The organizer of a pay-to-view autopsy in the United States defended the event Wednesday, after an outcry by the family of the dead man who did not know he would be dissected in front of a live audience.
Around 70 people forked over up to $500 each to watch in person an anatomist cut up the body of 98-year-old David Saunders in a hotel ballroom in Oregon last month.
Over the course of several hours, Saunders' organs -- including his brain -- were removed by Dr. Colin Henderson, a retired professor of anatomy, in a procedure he said he had performed frequently during his teaching career, local broadcaster King 5 reported.
Video filmed by the channel shows audience members donning surgical gloves and appearing to touch the body.
"It was very educational," the outlet quoted an attendee named Monica as saying. "It was very respectful to the person that donated their body."

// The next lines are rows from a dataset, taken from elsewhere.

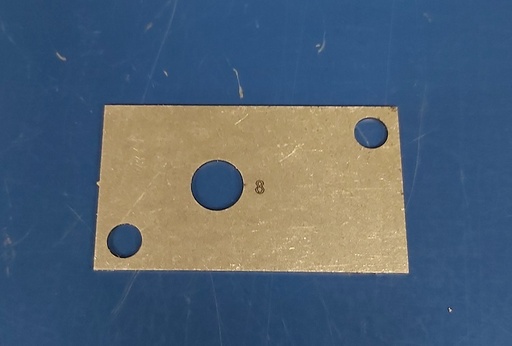 [325577] Plaque  aération brûleur diam. 8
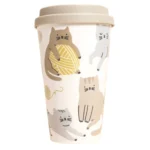 cat travel mug without sleeve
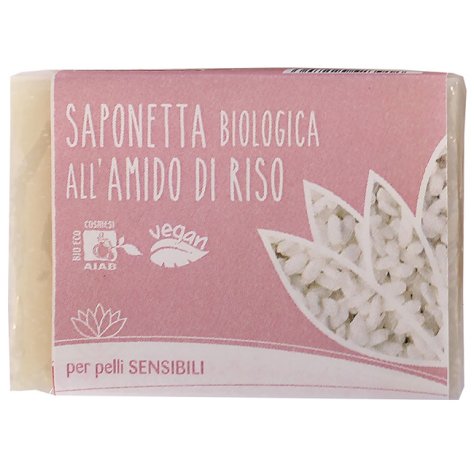 SAPONETTA AMIDO RISO BIO BAULE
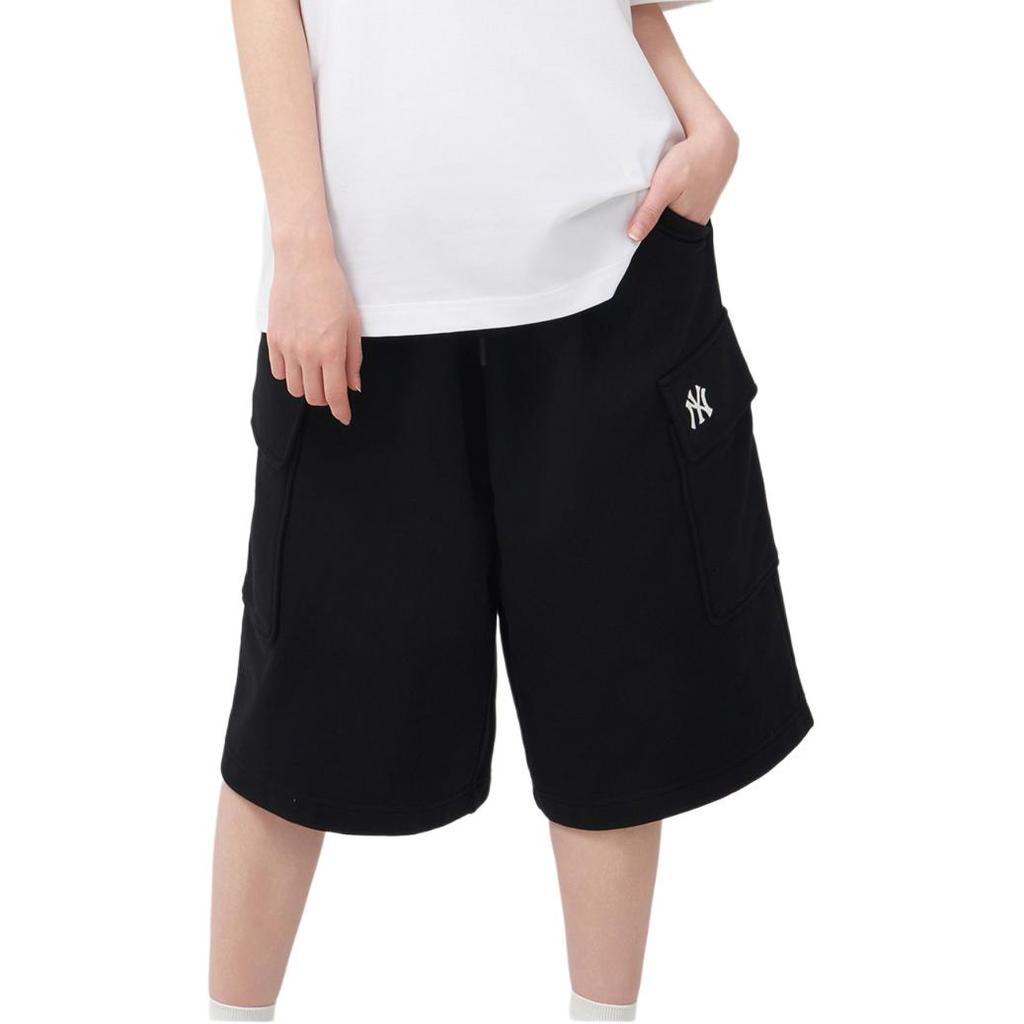 MLB New York Yankees SS25 Cargo Shorts Unisex Black 3ASPB0453-50BKS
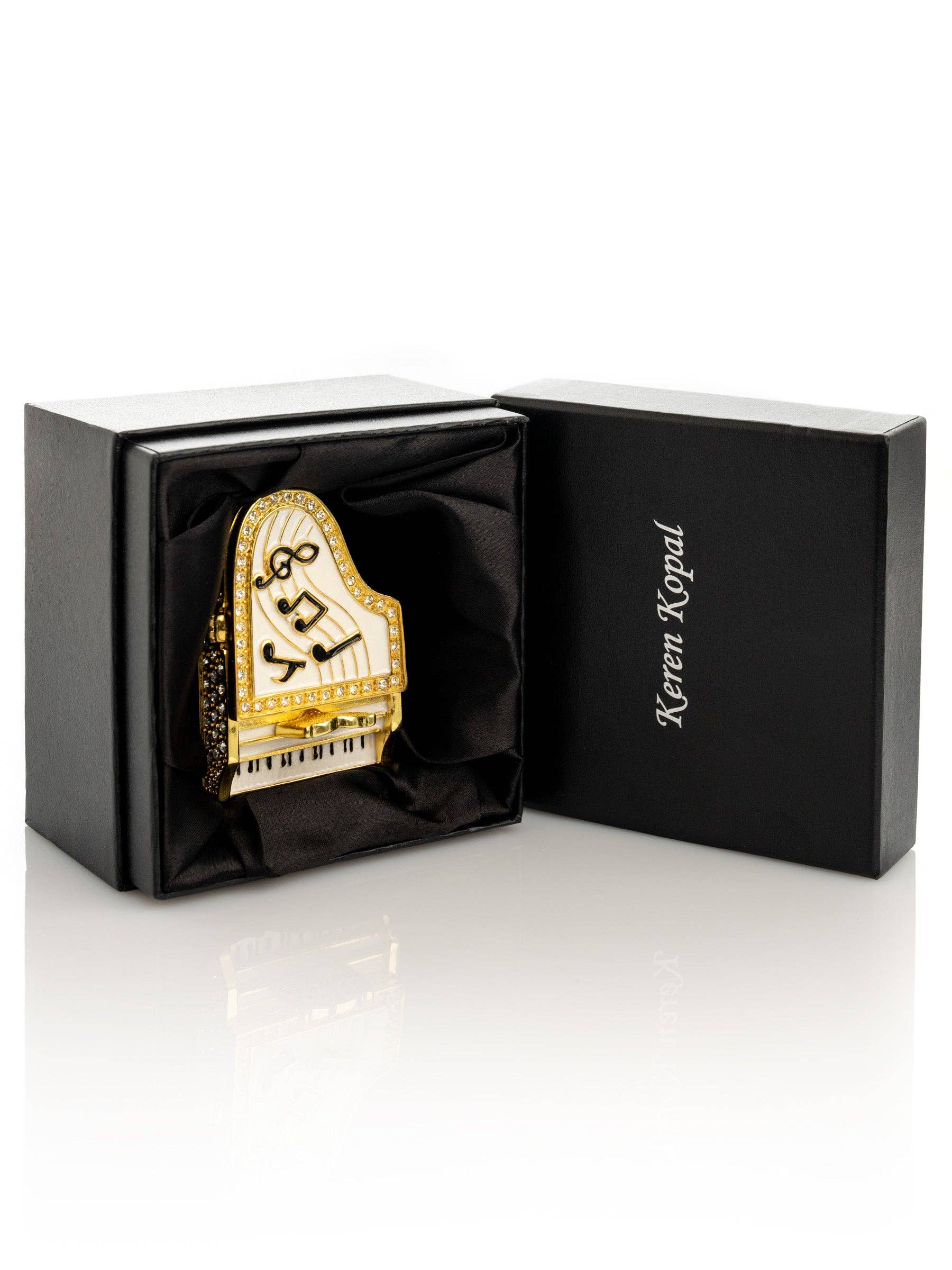 Keren Kopal - Wholesale Jewelry Box/Organizer - Golden White Piano9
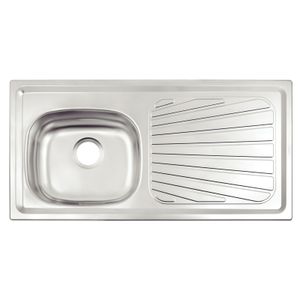 Lavadero Tramontina de empotrar en acero inoxidable 100x50 cm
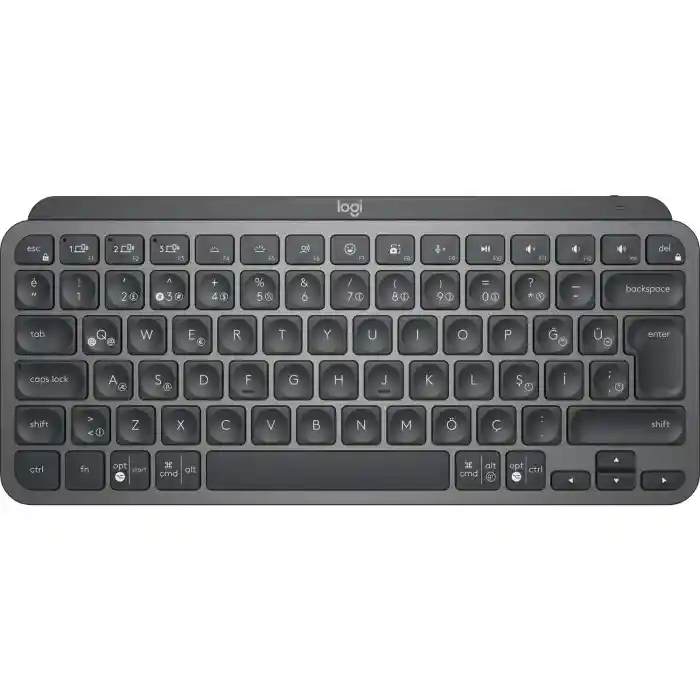 LOGITECH MX KEYS MINI MINIMALIST KABLOSUZ BLUETOOTH AYDINLATMALI Q TR KLAVYE SİYAH 920-010504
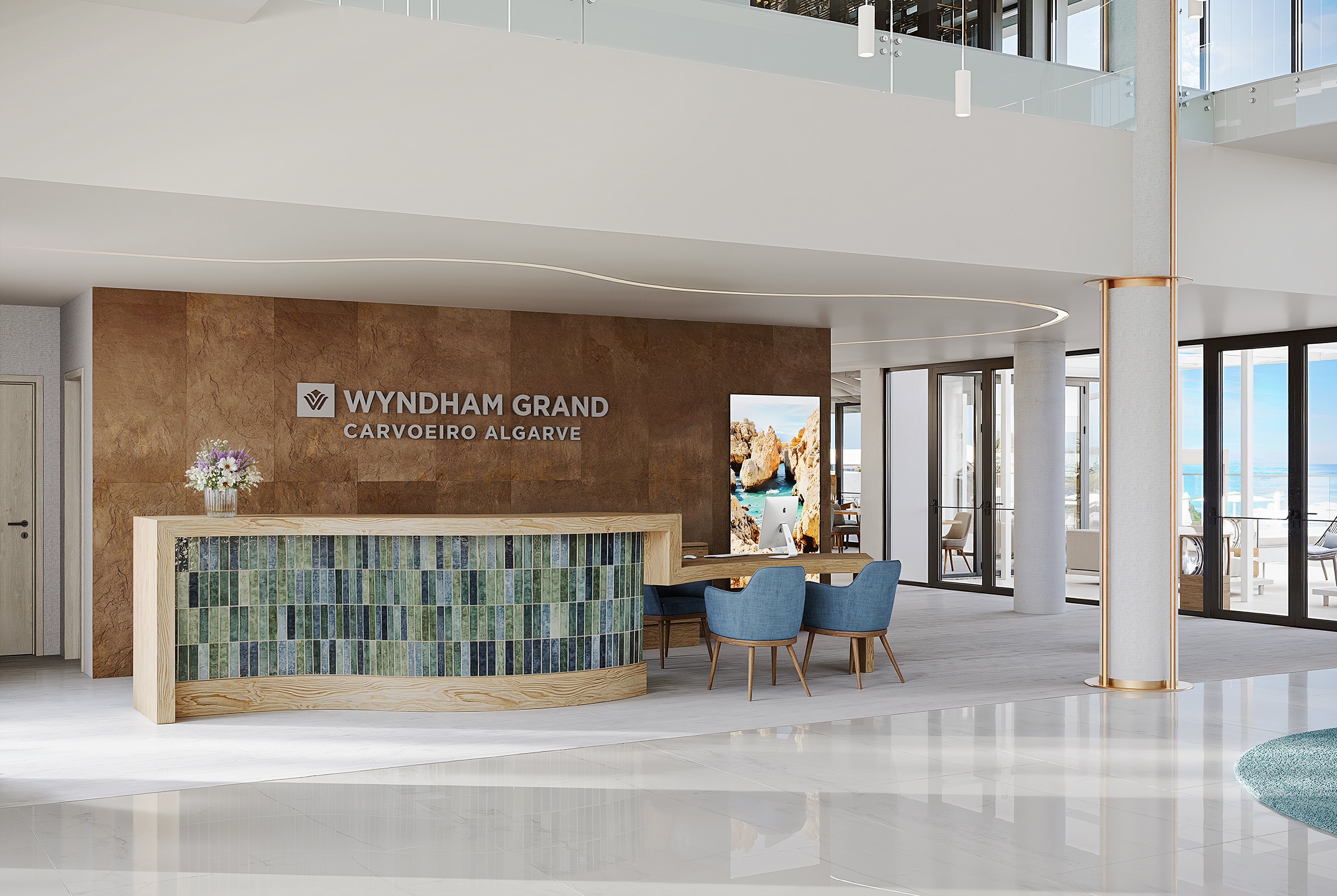 Wyndham Grand Carvoeiro Algarve reception in Carvoeiro, Other than US/Canada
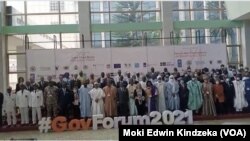 Participants at the Yaounde Lake Chad Basin Governors Forum in Yaounde, Cameroon, Oct. 4, 2021.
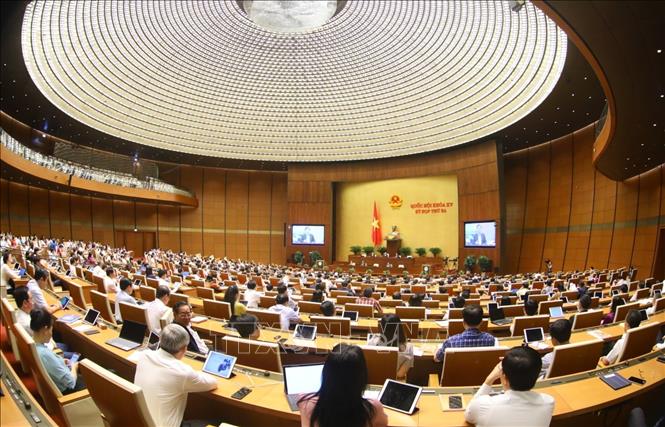 Kiểm soát chặt việc sử dụng kết quả nghiên cứu khoa học công nghệ từ ngân sách nhà nước Toàn cảnh phiên họp ngày 30-5-2022. Ảnh: Văn Điệp/TTXVN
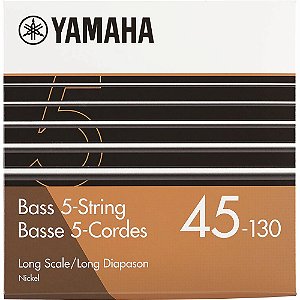 Encordoamento para Contrabaixo 5 Cordas Nickel Long Scale 45-130 GSB45-5 Yamaha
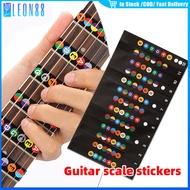 New Arrivals!guitar Chord sticker fretboard guitar For Beginners Scale Note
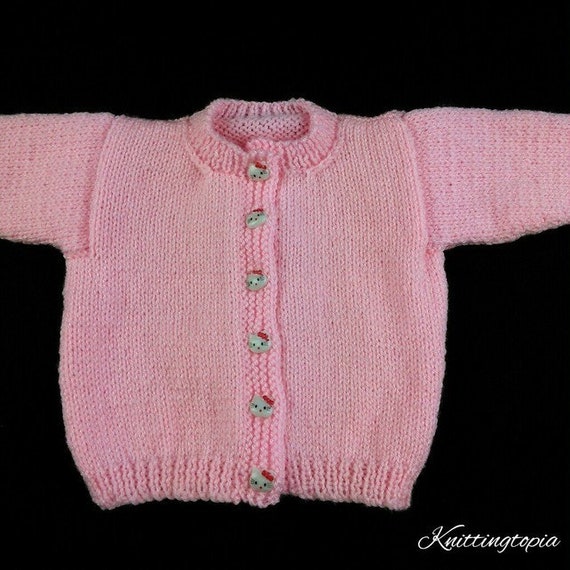 baby girl hand knitted cardigans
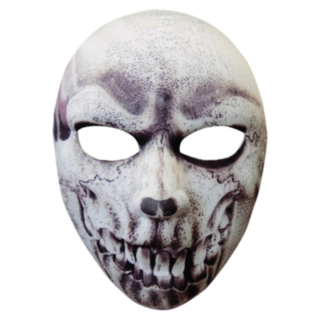 Dödskalle tygmask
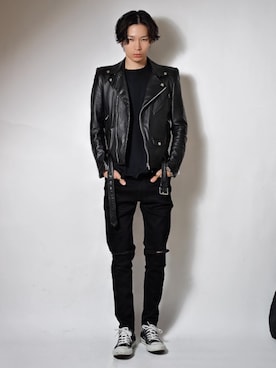 Tsuguya/KwonSayaさん(メンズ・175cm)の春コーディネート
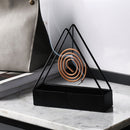 Spiral Mosquito Coil Holder Iron Frame Insect Repellent Incense Rack (D) Newly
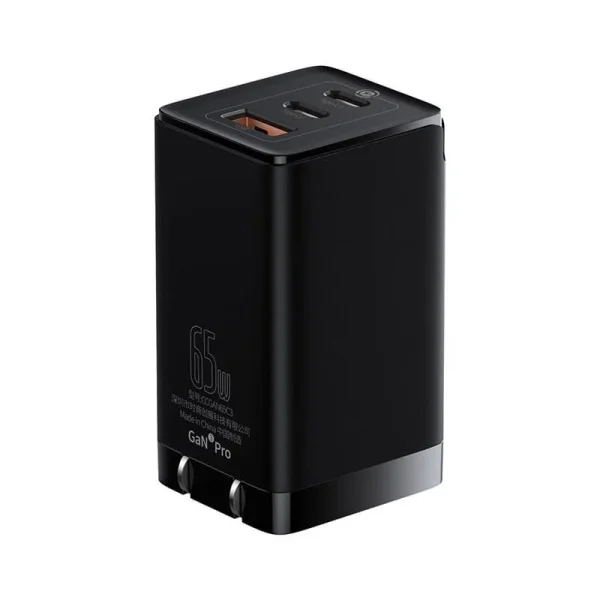 Baseus GaN5 Pro 65W 3 Port Fast Charger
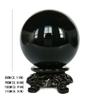 Bxzpzplj Crystal Ball Natural Obsidian Crystal Ball Office Auspicious Ball Feng Shui Ball Stone Polished Auspicious Gift Decoration Decorative Ball (Size : 10cm) view 2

The event was organized by Death Science, which calls itself "an independent education platform that works with educators to teach beyond the classroom."
Tickets for the double-header event said the morning would be "a forensic autopsy on a full human cadaver."
That would be followed in the afternoon by "a formal anatomical dissection (which) will offer us a unique look at what is under our skin, through our bodies and how it all works together."
"There will be several opportunities for attendees to get an up-close-and-personal look at the cadaver," the ticketing page said. "Cadaver access before, after and during breaks."
In a statement to AFP, Death Science founder Jeremy Ciliberto said the aim of the event "was to create an educational experience for individuals who have an interest in learning more about human anatomy."
No laws broken
King 5 reported that family of the dead man had no idea his body would be cut up in front of a paying audience.
The news outlet cited the Louisiana funeral director who handled the corpse as saying the family thought it would be used for medical research when it was passed on to Med Ed Labs, a company that solicits corpse donation for "the advancement of medicine and science," according to its website.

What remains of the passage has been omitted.